Blessed are the poor in spirit; for theirs is the kingdom of heaven. Blessed are the meek; for they shall possess the land. Blessed are they that mourn; for they shall be comforted. (Matthew 5:3-5)

We do not yet know who among these pilgrims will reach the dignity of canonization, either first here on earth, as is the case of the recently canonized Saint John Henry Newman, or in only Heaven, being inscribed in the complete list, the Book of Life. (Cf. Apocalypse 20:15, for example) We may even hope to be among them, by the grace of God, though we need not take any care about receiving praise from our fellow human beings, but only about doing the will of God. However that may be, there are, most certainly, Saints among us, still on earth.

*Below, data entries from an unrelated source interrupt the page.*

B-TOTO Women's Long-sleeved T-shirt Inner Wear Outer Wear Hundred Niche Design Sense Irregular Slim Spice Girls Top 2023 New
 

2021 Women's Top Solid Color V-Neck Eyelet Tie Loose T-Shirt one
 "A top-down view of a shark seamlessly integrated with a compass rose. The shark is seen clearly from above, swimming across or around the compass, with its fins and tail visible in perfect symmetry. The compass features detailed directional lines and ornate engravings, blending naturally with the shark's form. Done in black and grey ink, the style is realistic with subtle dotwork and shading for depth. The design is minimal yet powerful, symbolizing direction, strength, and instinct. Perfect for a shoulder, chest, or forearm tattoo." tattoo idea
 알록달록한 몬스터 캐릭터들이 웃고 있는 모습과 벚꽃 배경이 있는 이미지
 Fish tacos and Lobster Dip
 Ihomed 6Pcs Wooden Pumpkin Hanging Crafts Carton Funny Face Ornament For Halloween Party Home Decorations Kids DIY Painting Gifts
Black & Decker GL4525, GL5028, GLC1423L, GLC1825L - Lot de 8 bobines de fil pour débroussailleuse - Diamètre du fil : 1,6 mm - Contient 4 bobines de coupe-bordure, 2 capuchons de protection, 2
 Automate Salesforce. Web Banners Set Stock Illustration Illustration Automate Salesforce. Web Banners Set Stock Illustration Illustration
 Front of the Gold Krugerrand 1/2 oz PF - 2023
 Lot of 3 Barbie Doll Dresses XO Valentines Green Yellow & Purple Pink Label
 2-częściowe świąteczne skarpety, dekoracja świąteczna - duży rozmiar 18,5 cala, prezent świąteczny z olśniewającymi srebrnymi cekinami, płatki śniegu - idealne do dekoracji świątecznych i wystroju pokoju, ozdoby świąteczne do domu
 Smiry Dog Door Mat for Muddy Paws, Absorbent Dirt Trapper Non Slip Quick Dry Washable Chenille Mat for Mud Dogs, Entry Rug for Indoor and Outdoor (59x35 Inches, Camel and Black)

So, in fact, the Saints are in Heaven and in many places upon the earth and under the earth. Where are we? Well, one might truly say that we are in trouble. Our earth, perhaps more than ever before, at least in Christian times, is a place of temptations, of delusions, of deceptions, and of evil of every kind. It has become a place of spiritual close-combat. “The life of man upon earth,” explains the Book of Job, “is a warfare, and his days are like the days of a hireling.” (Job 7:1) Fortunately the evil is not without remedy: there are still many fair things. Creation is good. Human nature in itself is good. And we have the Faith and the Sacraments of the Faith. We have the Blessed Virgin Mary. If only, in imitation of the Saints that have gone before us, we can avoid the snares of the evil one who prowls about, seeking to bring us to ruin; if only we can make good use of the beauty we still see around us and the example of the Saints, in order to make our way along the road to perfection, the road to God’s Kingdom.

Where are the Saints? In fact they are already here in a real sense and they are coming… They are coming with Christ the King, with the one who says of Himself in the last pages of the Apocalypse, not I will come but I come, “Surely, I come quickly,” Etiam venio cito. (Rev. 22: 20) Come, Lord Jesus, Amen. Alleluia.